The being said, living in Sweden before you get your digital ID set up and everything sorted out in all the right databases seems to be a massive pain. All my non-Swedish colleagues at work have bureaucratic horror stories of their first months in the country.
Even if you have cash, which most people don't, it's hard to spend. Grocery stores still take it so it would actually be useful in this situation, but other than grocery stores I struggle to think of any places in my city that accept cash. Maybe some bigger outlets do, not sure, but restaurants, cafes, takeaway places, small specialty stores and the like certainly do not take cash.

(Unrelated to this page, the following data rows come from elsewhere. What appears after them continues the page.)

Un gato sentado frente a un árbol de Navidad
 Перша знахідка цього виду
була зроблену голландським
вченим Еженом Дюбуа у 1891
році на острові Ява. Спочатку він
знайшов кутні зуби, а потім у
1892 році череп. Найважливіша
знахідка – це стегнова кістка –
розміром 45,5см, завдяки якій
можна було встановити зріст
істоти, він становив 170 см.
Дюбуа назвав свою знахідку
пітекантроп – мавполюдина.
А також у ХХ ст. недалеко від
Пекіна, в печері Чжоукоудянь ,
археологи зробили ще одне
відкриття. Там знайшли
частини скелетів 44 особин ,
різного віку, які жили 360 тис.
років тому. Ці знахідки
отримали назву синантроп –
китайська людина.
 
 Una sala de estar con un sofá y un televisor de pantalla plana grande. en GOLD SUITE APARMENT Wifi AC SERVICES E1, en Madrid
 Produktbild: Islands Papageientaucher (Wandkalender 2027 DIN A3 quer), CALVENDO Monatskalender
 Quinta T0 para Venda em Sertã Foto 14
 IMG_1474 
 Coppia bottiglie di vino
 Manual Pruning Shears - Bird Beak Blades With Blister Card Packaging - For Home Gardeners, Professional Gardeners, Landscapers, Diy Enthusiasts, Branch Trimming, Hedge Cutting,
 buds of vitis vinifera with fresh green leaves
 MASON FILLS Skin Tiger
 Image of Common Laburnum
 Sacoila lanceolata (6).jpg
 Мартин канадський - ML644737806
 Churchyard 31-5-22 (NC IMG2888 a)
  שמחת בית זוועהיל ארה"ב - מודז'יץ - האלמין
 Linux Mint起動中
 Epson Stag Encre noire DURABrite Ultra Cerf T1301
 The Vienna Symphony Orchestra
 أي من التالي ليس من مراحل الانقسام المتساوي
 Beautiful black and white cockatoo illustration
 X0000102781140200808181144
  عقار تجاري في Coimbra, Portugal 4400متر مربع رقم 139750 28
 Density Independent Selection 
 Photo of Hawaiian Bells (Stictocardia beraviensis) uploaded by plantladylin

Visiting Malmö I see restaurants with "card only" signs on the door and in the menu.
Denmark has taken measures to require most businesses to accept cash, but Sweden doesn't seem to have done that. I keep ~1000DKK at home for emergencies, but I haven't purchased anything with cash for... um... a long time. Perhaps once in the last year.
I haven't handled physical cash for probably ten years. They redesigned the bills around 2015 and to be honest I'm not even sure how they look anymore.
Had to pay my best friends rent and electricity bill because she ended up with -400000 in her account. It’ll be restored but having to go these hoops sure doesn’t build confidence in the banking system
yet there are more billionaires per capita in Sweden than the USA.
I live in Malmo, not an expensive or high paying city; I have at one point had more than a million SEK in my bank (which is equivalent to about 100,000 USD), I was 27 at the time.
Certainly not impossible, no reason to be skeptical.